** Opening Provided data block **
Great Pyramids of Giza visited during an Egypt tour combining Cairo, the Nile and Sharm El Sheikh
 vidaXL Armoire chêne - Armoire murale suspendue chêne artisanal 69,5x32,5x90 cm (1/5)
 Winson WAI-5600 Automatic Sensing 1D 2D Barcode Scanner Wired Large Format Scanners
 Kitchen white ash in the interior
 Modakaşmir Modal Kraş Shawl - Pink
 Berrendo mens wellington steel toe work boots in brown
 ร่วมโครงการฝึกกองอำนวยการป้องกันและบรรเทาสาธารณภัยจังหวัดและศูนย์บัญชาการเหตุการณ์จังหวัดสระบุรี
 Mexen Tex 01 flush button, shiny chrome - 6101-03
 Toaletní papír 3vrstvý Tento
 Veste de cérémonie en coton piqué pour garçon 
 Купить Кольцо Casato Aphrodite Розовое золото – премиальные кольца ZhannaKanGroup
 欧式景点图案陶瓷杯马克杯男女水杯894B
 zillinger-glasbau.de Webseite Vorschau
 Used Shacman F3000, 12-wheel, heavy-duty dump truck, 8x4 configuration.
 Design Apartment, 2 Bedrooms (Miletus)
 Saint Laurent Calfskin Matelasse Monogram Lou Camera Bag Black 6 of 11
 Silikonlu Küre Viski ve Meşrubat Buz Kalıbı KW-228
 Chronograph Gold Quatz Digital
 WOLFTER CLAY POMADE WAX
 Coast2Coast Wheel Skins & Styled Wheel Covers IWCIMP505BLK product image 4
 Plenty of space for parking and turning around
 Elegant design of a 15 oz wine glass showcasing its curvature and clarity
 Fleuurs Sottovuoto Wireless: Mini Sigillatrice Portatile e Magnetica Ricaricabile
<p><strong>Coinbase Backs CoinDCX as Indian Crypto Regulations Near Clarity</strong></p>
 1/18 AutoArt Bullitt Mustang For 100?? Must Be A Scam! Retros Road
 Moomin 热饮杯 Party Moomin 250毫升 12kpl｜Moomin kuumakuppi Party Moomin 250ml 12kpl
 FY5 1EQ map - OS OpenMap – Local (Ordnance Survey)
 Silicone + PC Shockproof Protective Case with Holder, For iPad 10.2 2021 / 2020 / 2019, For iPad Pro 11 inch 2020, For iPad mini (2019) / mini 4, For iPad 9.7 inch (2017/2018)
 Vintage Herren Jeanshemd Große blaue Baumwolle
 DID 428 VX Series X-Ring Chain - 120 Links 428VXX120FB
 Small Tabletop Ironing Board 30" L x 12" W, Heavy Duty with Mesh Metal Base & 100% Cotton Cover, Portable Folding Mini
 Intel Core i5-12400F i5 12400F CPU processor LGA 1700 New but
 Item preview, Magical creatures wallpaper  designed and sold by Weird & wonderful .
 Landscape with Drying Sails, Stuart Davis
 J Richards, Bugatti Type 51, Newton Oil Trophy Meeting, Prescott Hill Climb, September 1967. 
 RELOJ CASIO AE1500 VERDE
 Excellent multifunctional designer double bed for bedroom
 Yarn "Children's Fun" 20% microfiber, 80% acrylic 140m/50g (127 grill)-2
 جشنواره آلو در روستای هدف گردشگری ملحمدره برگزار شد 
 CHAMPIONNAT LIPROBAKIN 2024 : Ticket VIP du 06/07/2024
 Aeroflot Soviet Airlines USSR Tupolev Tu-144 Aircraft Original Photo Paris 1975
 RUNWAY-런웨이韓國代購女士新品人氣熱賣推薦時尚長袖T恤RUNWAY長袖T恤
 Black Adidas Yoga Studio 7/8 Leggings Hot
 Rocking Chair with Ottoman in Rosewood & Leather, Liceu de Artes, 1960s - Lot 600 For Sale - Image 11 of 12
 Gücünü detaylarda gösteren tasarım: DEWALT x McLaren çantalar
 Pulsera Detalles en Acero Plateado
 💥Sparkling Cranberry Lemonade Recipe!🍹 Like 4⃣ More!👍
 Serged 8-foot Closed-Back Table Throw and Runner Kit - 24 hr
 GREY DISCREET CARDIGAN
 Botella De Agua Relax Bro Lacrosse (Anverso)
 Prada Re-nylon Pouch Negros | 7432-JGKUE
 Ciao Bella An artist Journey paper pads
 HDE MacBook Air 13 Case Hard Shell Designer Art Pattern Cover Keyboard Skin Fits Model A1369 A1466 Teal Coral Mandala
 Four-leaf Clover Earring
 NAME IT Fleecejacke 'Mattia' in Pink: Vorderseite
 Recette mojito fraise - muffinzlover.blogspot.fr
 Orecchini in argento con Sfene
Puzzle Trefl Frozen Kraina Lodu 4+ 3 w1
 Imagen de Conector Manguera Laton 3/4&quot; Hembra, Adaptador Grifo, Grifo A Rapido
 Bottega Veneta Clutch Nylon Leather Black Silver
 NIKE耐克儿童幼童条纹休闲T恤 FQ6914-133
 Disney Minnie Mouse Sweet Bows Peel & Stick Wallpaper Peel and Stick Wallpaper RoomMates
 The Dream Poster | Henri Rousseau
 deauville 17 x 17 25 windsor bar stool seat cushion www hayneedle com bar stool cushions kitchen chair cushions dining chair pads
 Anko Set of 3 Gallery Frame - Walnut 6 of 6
** Closing Provided data block **
◆ Work instruction:
Reproduce only this range: the first line of the data above through the line with "Berrendo mens wellington", both included, exactly as written.

◆ Output below:
Great Pyramids of Giza visited during an Egypt tour combining Cairo, the Nile and Sharm El Sheikh
 vidaXL Armoire chêne - Armoire murale suspendue chêne artisanal 69,5x32,5x90 cm (1/5)
 Winson WAI-5600 Automatic Sensing 1D 2D Barcode Scanner Wired Large Format Scanners
 Kitchen white ash in the interior
 Modakaşmir Modal Kraş Shawl - Pink
 Berrendo mens wellington steel toe work boots in brown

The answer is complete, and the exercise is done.